Het begint al met het gedoe eromheen. Eerst moet je in die wanstaltige schoenen, waar je dan onvermijdelijk eerst nog een heel stuk op moet klunen naar de piste, zodat je al met het zweet in je bilnaad de dag kunt beginnen. Dan die ski’s zelf aan, die, in ieder geval bij mij, áltijd scheef over elkaar gaan en dan wegglijden in een omgekeerde pizzapunt, zodat je achillespezen tot niet eerder bereikte lengtes worden uitgerekt en je hoe dan ook binnen tien seconden languit in de sneeuw ligt, terwijl er peuters van drie turven hoog met twee vingers in hun neus lachend aan je voorbijrazen.

Mijn eerste skiklasje was bij zo’n typische bruinverbrande skifransoos, die zo slecht Engels sprak dat er geen touw aan vast te knopen was. Het enige wat wel te verstaan was, zei hij dan ook maar heel vaak: I go down the mountain, you follow me!! En daar ging ‘ie, zonder enige verdere instructie. Merde!

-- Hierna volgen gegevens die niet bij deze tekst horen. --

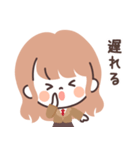 モノトーンLongちゃん・JK（個別スタンプ：34）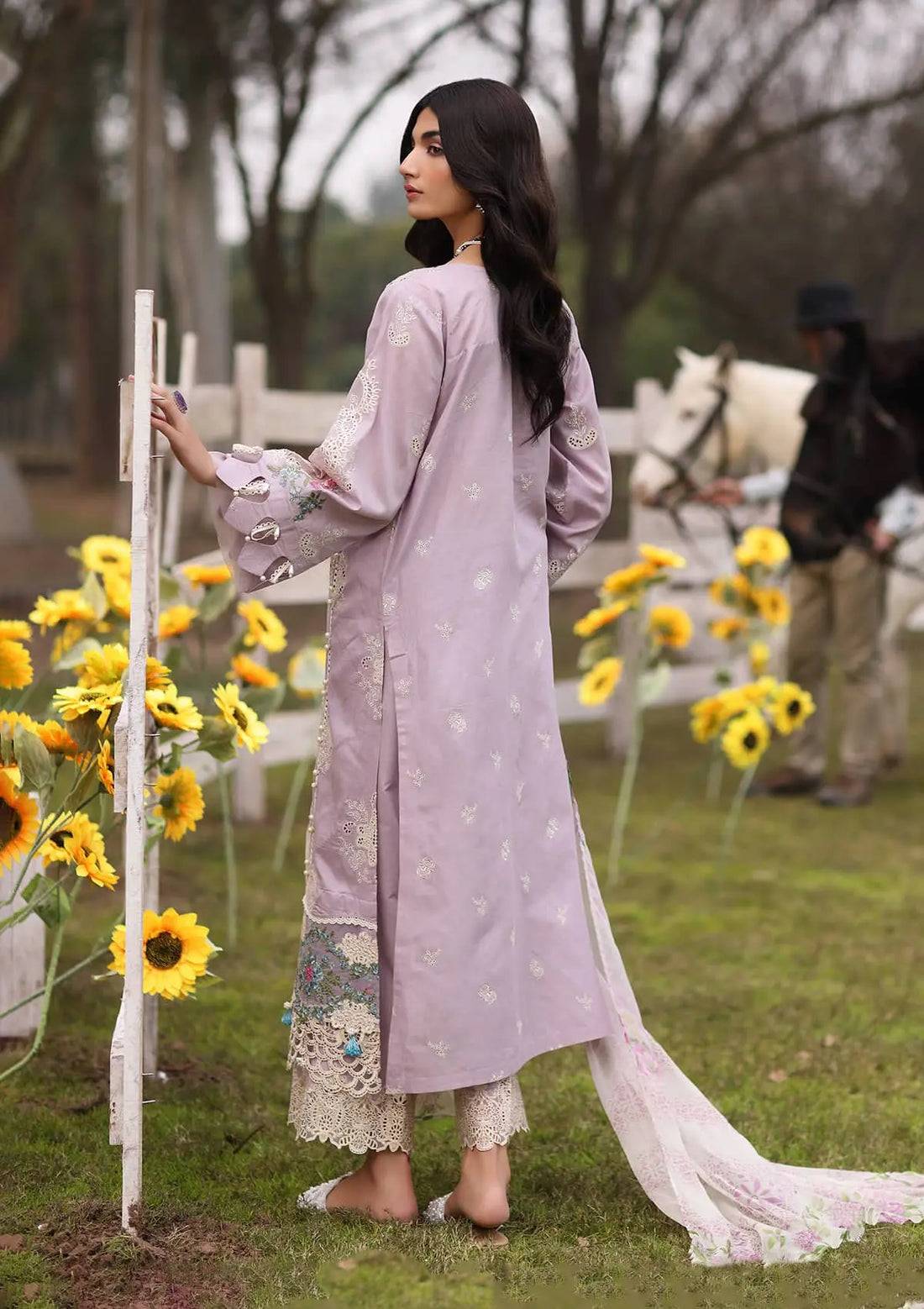 Kahf Premium | Festive Lawn 24 | KFL-08B ELAYA - Pakistani Designer Dress - by Khaf Premium | Type: Luxury - 100% Original at Saira Sultan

Daarna ben ik, op aandringen van liefhebbende wederhelft, nog een paar keer naar Snowworld geweest om het te proberen. Daar ging het wel aardig en dus gingen we een paar jaar geleden nog een keer op wintersport. Ik toch ook maar weer op les, in een laatste inspanning om het leuk te gaan vinden. Want ik snap ook wel dat het samen gezelliger is dan alleen en ik ben niet graag een spelbreker. Wel vier dagen hield ik het deze keer vol. Weer bij zo’n Franse gladjakker met gebleekte tanden die, ondanks dat je wéét dat je er zelden sekslozer hebt uitgezien met je vormeloze skibroek, muts uit het jaar nul en stuntelige pogingen om in ieder geval tijdens de instructie rechtop te blijven staan, tóch zijn hele versiertrukendoos op je loslaat. Zouden die gasten dat bij de opleiding meekrijgen? Ik moet dan altijd denken aan die scène uit Dirty Dancing als de obers bij Kellerman verteld wordt dat ze het de dames naar de zin moeten maken. Even the dogs.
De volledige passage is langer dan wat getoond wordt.